What do you call a winged creature that weighs 1,000 pounds?
An elephant bird.
It’s not a joke. It’s a real, now-extinct animal.
People found fossil evidence of elephant birds in the East African island country of Madagascar in the 19th century. But few whole bones remained to study. Researchers didn’t know much about the mysterious birds.
But now they’ve started piecing together their eggshells.
Researchers got permission from locals to visit the beaches of Madagascar. They found shards of eggshell fossils and studied them.
Gifford Miller is one of the researchers. “It was pretty exciting,” he tells NPR. “We had a Malagasy guide with us at all times that could help us get around. . . . The eggshells look like pottery. They’re so strong. They’re not at all fragile.”

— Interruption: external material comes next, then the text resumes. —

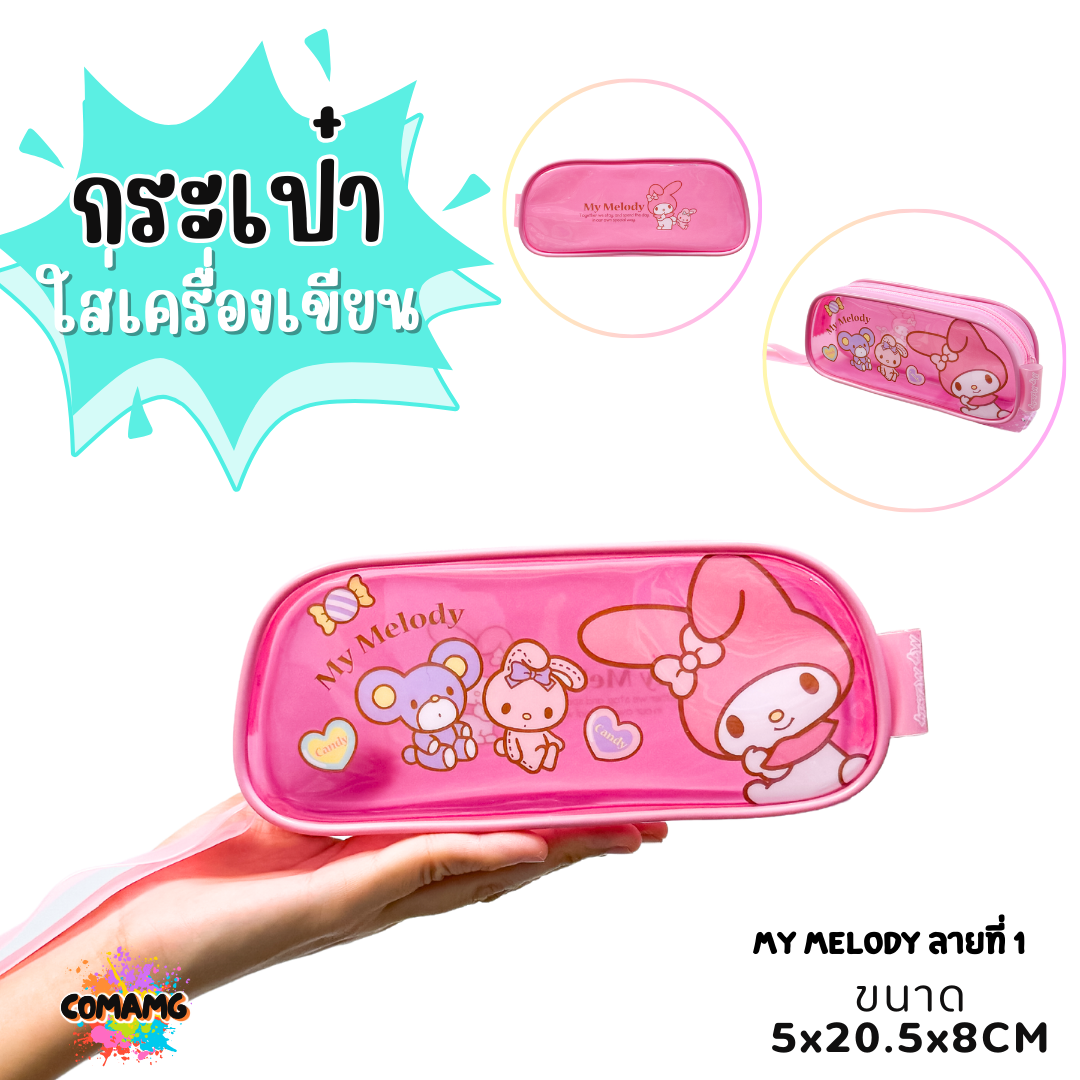 กระเป๋าใส่เครื่องเขียนPVC พลาสติกใส ทรงสี่เหลี่ยมคางหมู ลายการ์ตูนลิขสิทธิ์100% พร้อมส่ง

The researchers fitted fossil bits together, kind of like you might glue together bits of a broken teapot. A single elephant bird egg measured about a foot and a half long. Scramble that, and you’d have breakfast for the whole family—or maybe the whole street! Let it grow, and you’d get a bird bigger than an ostrich. This bird wouldn’t fly away. Like an ostrich, it would stay firmly on the ground.
Based on their findings, scientists guess elephant birds grew big fast. They think the elephant birds could probably defend themselves against all predators . . . except humans.
When it comes to fossils, we can guess only so much. In the past, people have put bone puzzles together all wrong. But it’s still fun to imagine how the elephant bird might have looked. How do you think God designed Madagascar’s big, big, BIG bird? Draw us a picture!
The reward for humility and fear of the Lord is riches and honor and life. ― Proverbs 22:4
Why? Madagascar is a fascinating part of the world that might be off your radar . . . and so might the extinct elephant bird!